How to Write About Extracurricular Activities in Other Resume Sections
There are 4 other sections where you could write about extracurricular activities on a resume:
- Work experience section
- Education section
- Skills section
- Additional section
The other option is to write about extracurricular activities in an individual section as discussed above. However, it’s worth embedding into other sections when you’re running out of space and not wanting to go over to a two-page resume.
Work Knowledge Section
Only write about extracurricular activities in the work experience section when it’s something you carried out in a previous role.
But, this must be relevant to the job you’re applying to. For example, if you’re applying for a management position, mention activities where you had leadership experience such as being one of the student councils or the president of a school club.
Keep the description concise. Only mention the extracurricular activity briefly. Put emphasis on what was achieved from the skills you applied in your role.
Here’s a few examples:
- Developed strong leadership and teamwork skills through active participation in a local community service organization, organizing and leading a team of volunteers for various projects and events, including fundraising campaigns and social initiatives.
- Actively participated in the XYZ University Marketing Club, collaborating with a team of students to plan and execute marketing campaigns that increased event attendance by 20% and generated a 15% boost in sales.
Under the qualification you’ve listed in the education section, add bullet points describing extracurricular activities.
For instance, after listing your bachelor’s degree, write a bullet point or two about the societies you were part of.
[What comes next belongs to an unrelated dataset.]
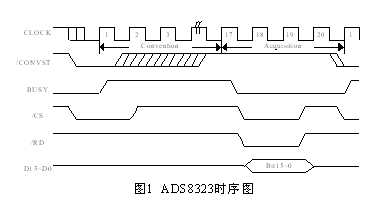 基于ADS8323模數轉換芯片與CPLD之間的接口電路設計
Highlight the skills you learned or developed as well as your biggest accomplishments during your time in the societies you were part of.
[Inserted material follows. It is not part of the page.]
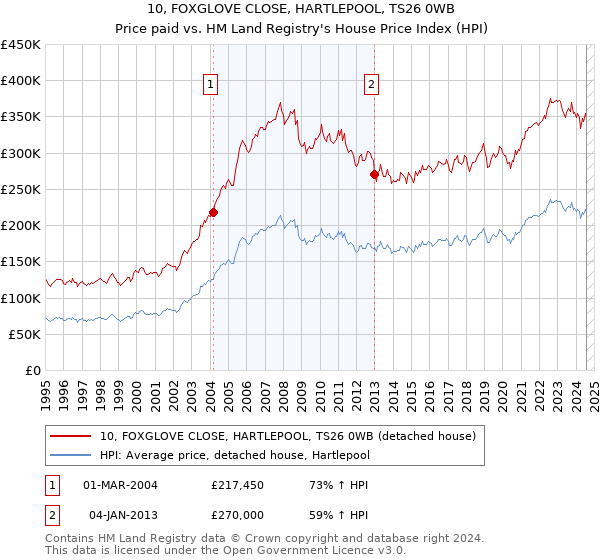 10, FOXGLOVE CLOSE, HARTLEPOOL, TS26 0WB: Price paid vs HM Land Registry's House Price Index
A common category to add in the skills section for listing extracurricular activities is “fields of interest.” Compared to other sections, however, you can’t go into detail about the responsibilities you held.
See the example below.
Here’s a few examples of different additional sections where you can write about extracurricular activities:
In this instance, use the same approach as discussed earlier. Enter your role, the organization name, start and end dates, and location. Then, write bullet points describing what you did as well as the skills you learned.
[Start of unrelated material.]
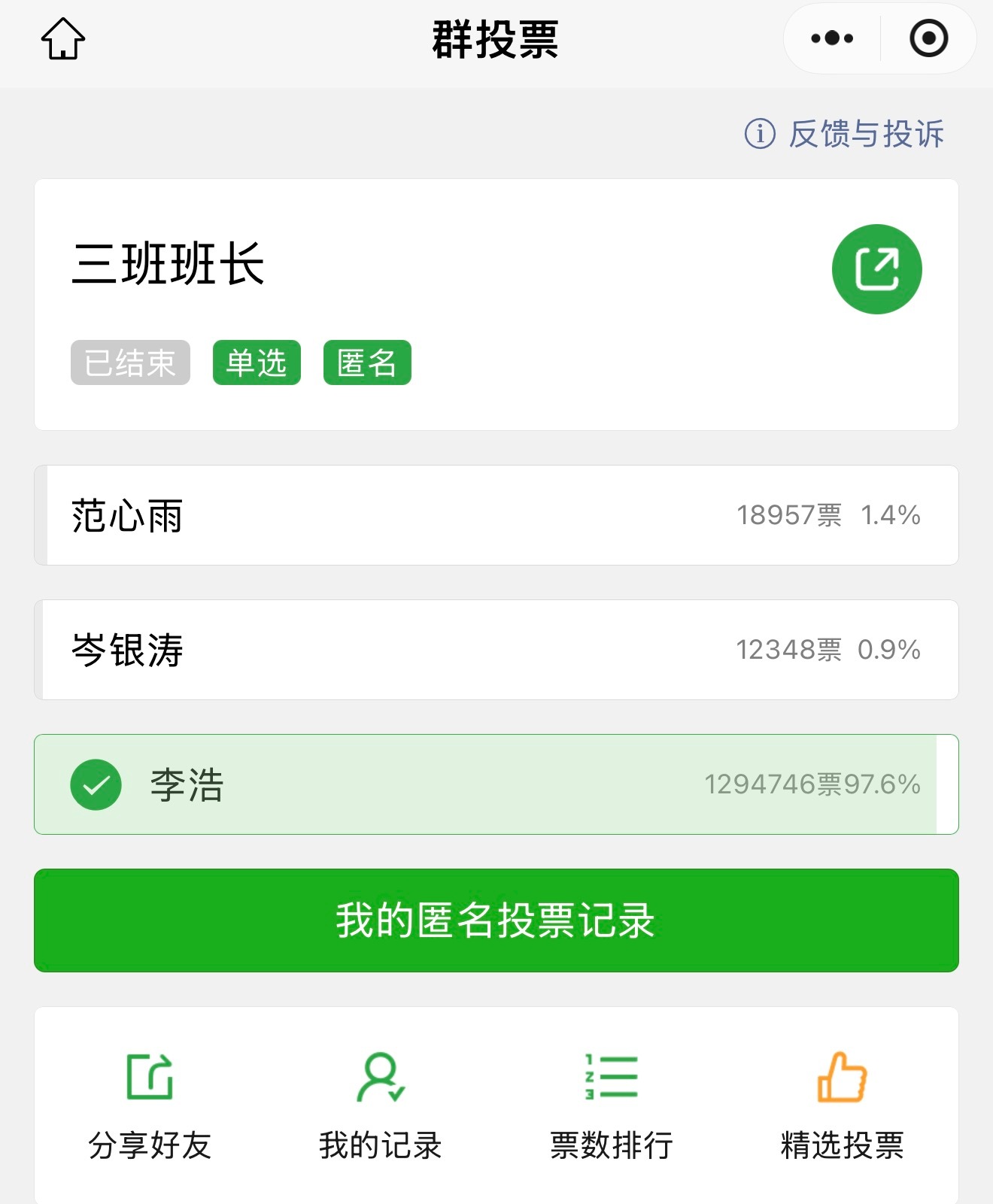 万众瞩目的三班班长投票结果出炉[捂脸哭]李浩以129万票，遥遥领先成功当选​​​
Should You Put Extracurricular Activities on a Resume?
You should include extracurricular activities when you lack work experience. Although your work history and academic qualifications are the main focus of a resume, extracurricular activities can still help demonstrate valuable skills. They can also help you stand out from other candidates by highlighting unique experiences related to personal growth.
When to Include Extracurricular Activities on a Resume
Extracurricular activities work best on a resume for students and graduates applying for an entry-level position. However, it also works well for those making a significant career change.
On that note, we’ll go through a few instances when you should include extracurricular activities on a resume.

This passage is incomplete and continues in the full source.